Fargo is an American myth for a new age. After a title card that lies about the film being a true story, it opens with a grand string arrangement as headlights emerge from a road entrenched in snow like a cowboy appearing in the Western frontier. As the vehicle gets closer, we see it’s just a well-used tow truck dragging another car across Minnesota. Immediately, Fargo casts grandiosity onto the quaint world of the lower-middle class Midwest, elevating an otherwise simple crime thriller to a tale of wide implication. Nothing in Fargo is traditionally glorious; the characters have thick regional accents, the violence is grisly, and everyone is simply exhausted from the corporate rat race. Regardless, the Coens find majesty in these simple lives, letting the neighborly chit chat and cozy politeness welcome the viewer into a warmth unfamiliar to most audiences. Used car lots and local dive bars are the new grand backdrop for the world, and pregnant cops and loving husbands are its heroes.
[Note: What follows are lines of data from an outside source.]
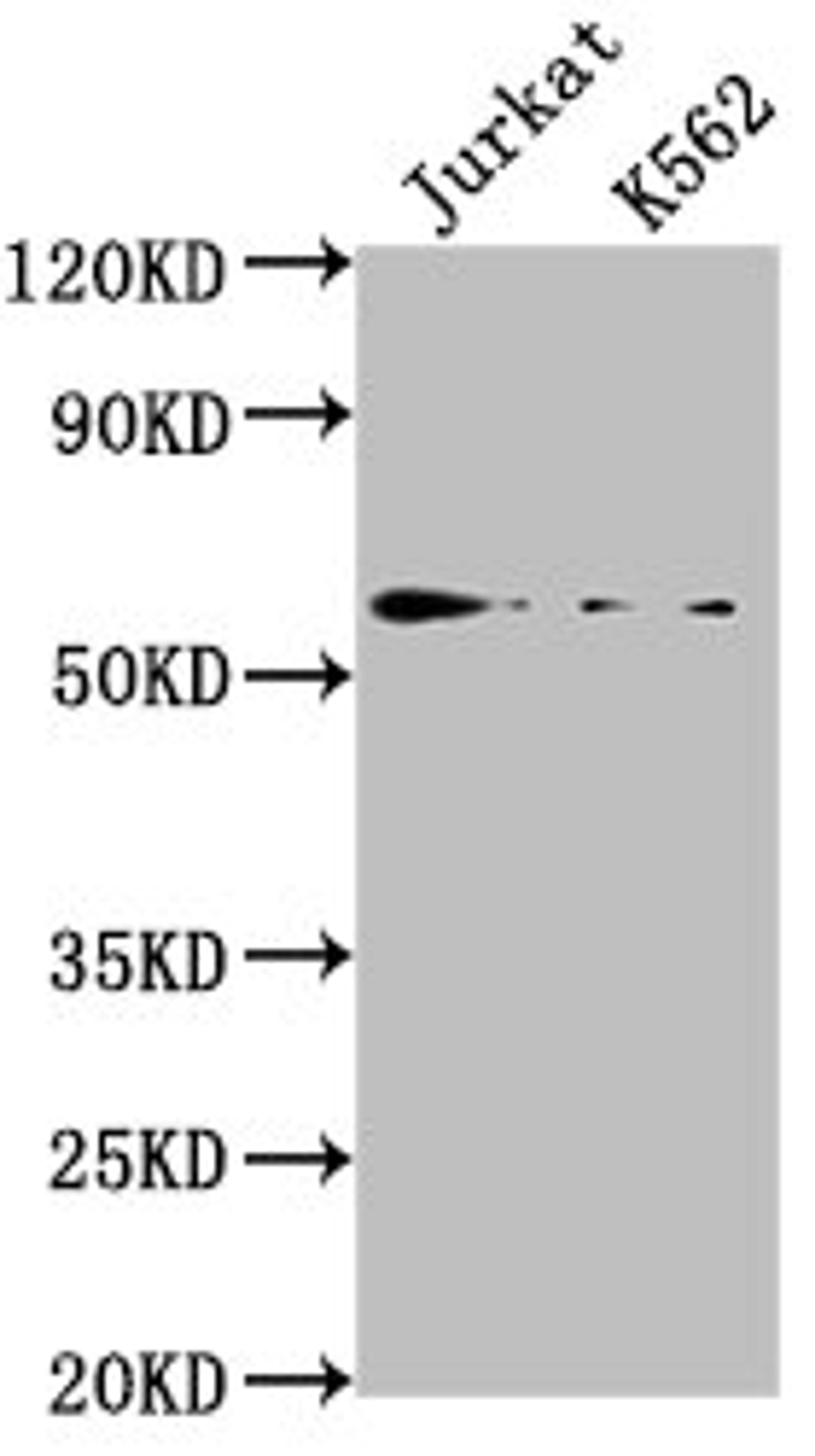Western Blot. Positive WB detected in: Jurkat whole cell lysate, K562 whole cell lysate. All lanes: HMGXB4 antibody at 1:2000. Secondary. Goat polyclonal to rabbit IgG at 1/50000 dilution. Predicted band size: 66 kDa. Observed band size: 66 kDa.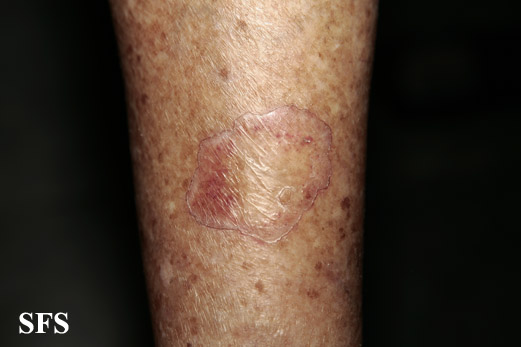 Porokeratosis of mibelli. With permission from Dermatology Atlas.[5]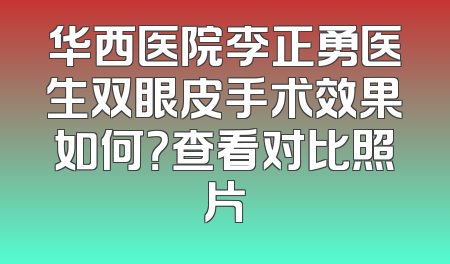 华西医院李正勇医生双眼皮手术效果如何？查看对比照片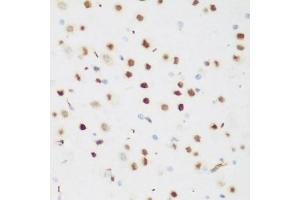 Immunohistochemistry of paraffin-embedded mouse brain using CSRNP1 antibody (ABIN5974288) at dilution of 1/200 (40x lens). (AXUD1 抗体)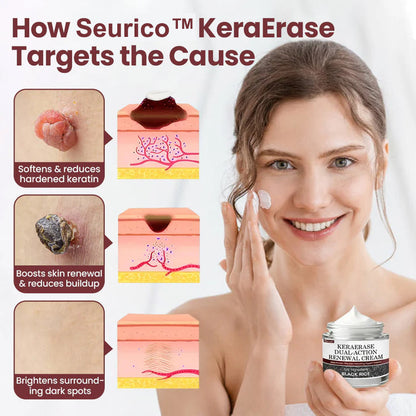 Seurico®KeraErase Dual-Action Renewal Cream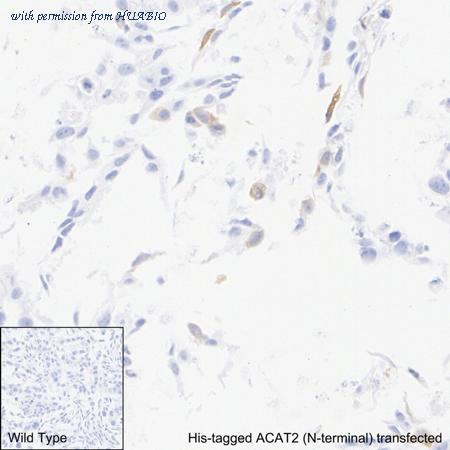 HUABIO HA722965 image 2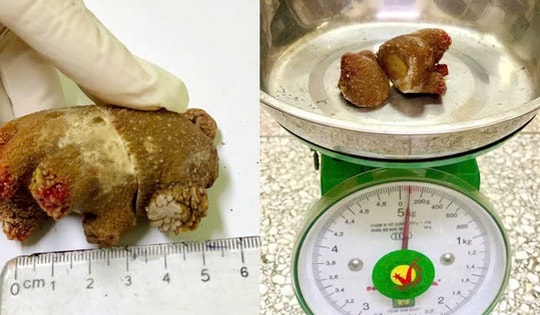 Viên sỏi thận 'khổng lồ' như san hô nằm trong cơ thể người đàn ông gần 20 năm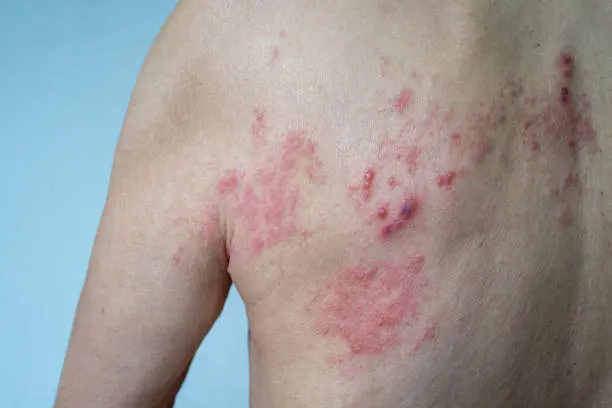 Herpes Zoster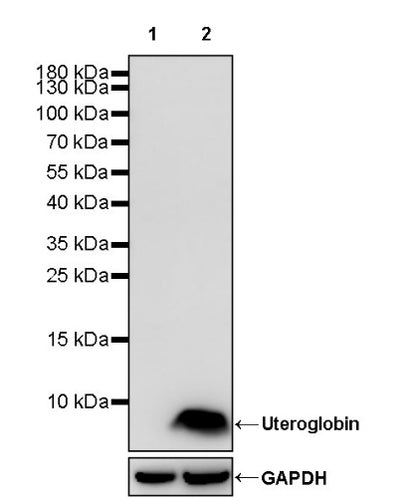 Uteroglobin Recombinant Rabbit mAb (SDT-2736-46)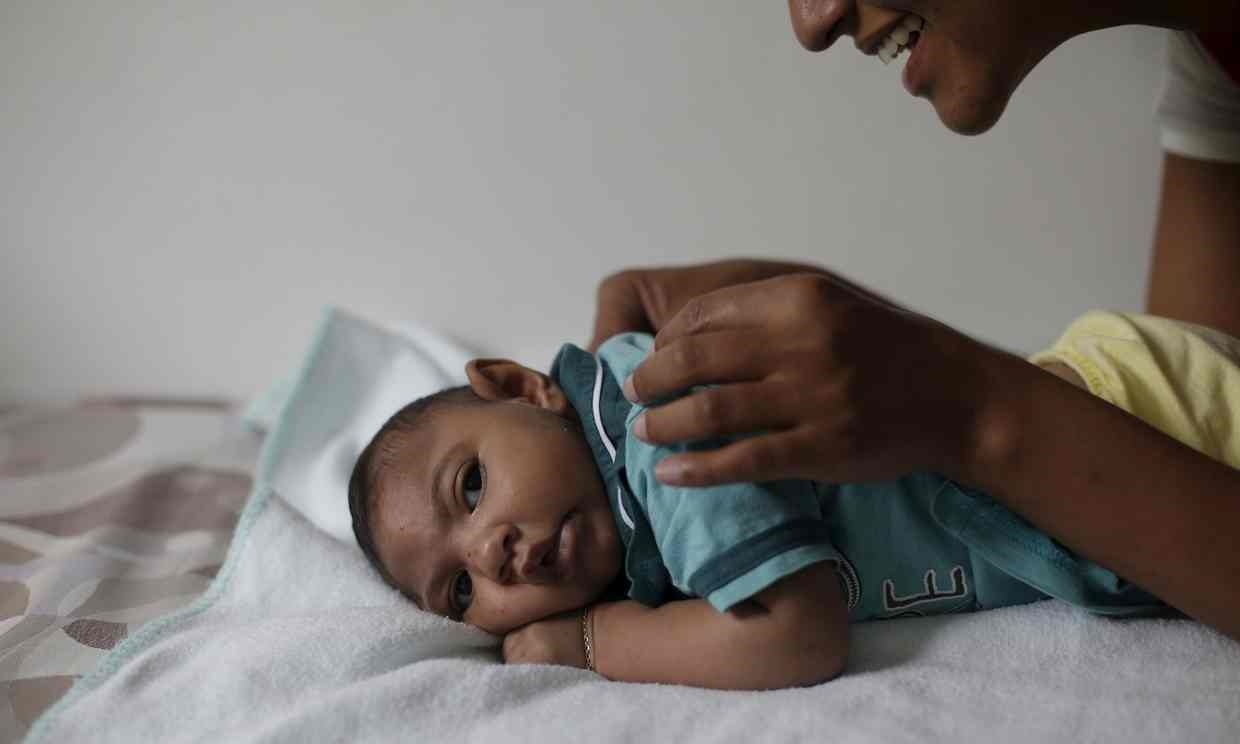 وضعیت طول عمر کودکان میکروسفالی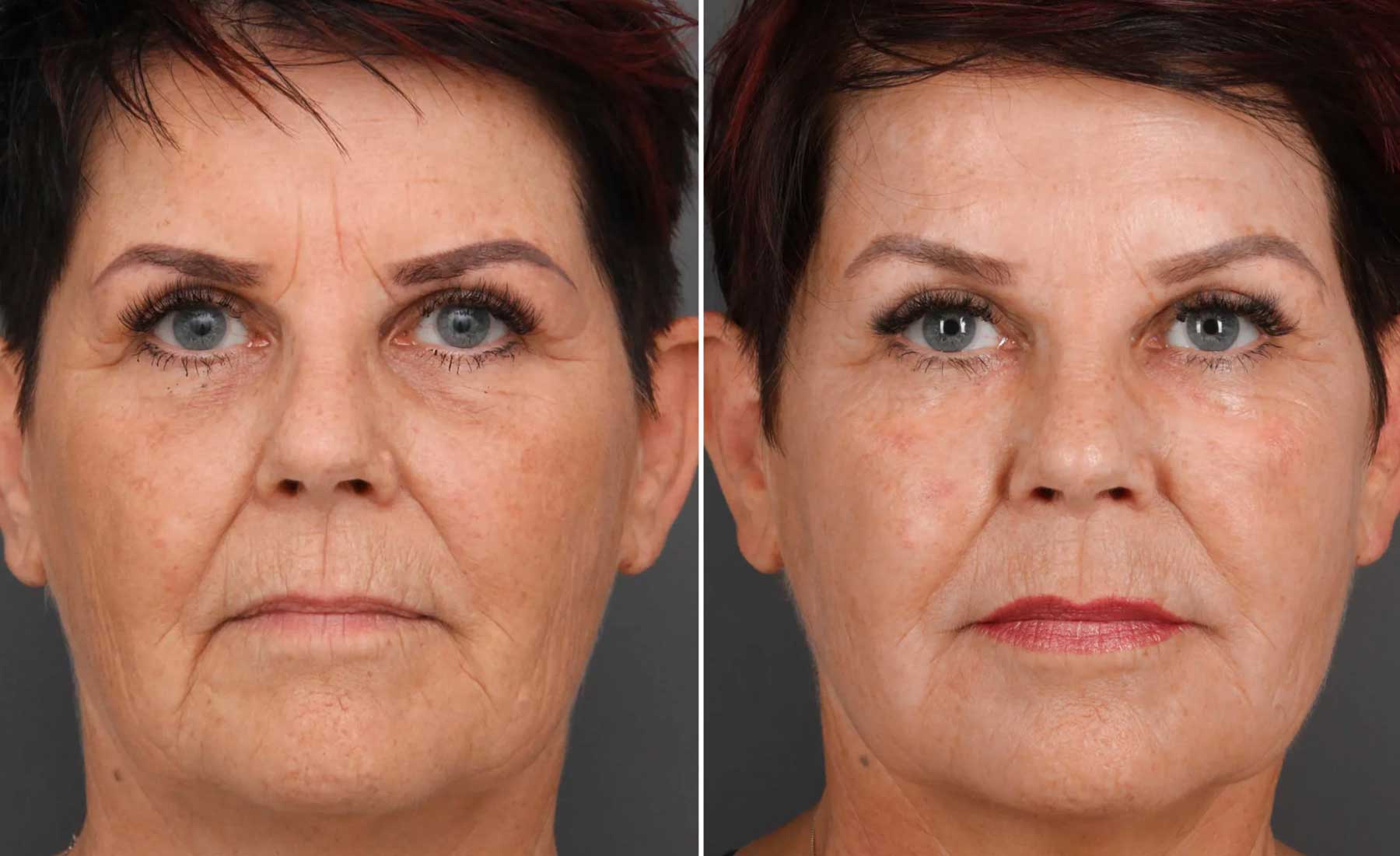 Crow's Feet (Periorbital Lines)‎-Before and after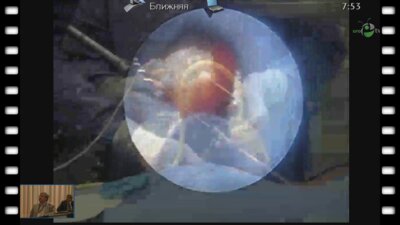 Trinchiery A. - Видео лежа PCNL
Fargo opens with a mythological attitude
As Ethan and Joel Coen have slowed their output and focused more on solo careers, Fargo has endured and grown in relevance. In an age of recessions and extreme wealth disparity, the quotidian woes of the Minnesotans ring true, and the film translates these seemingly mundane troubles into folk and legend. In fact, the world the Coens created has proved so potent that FX has built an acclaimed anthology series around the film, each season placing a new crime and new cast of characters in the small town. Fargo is more than a crime thriller, it’s more than a town, and it’s more than a TV show. Fargo is the American; it’s a universe, a canon, a mythos that celebrates the least of us, exposes the best of us, and dignifies all of us.
Fargo will be screened at IU Cinema on June 14 in a new 4K restoration as part of the series Critics’ Pics: Selections from AFI and Sight & Sound.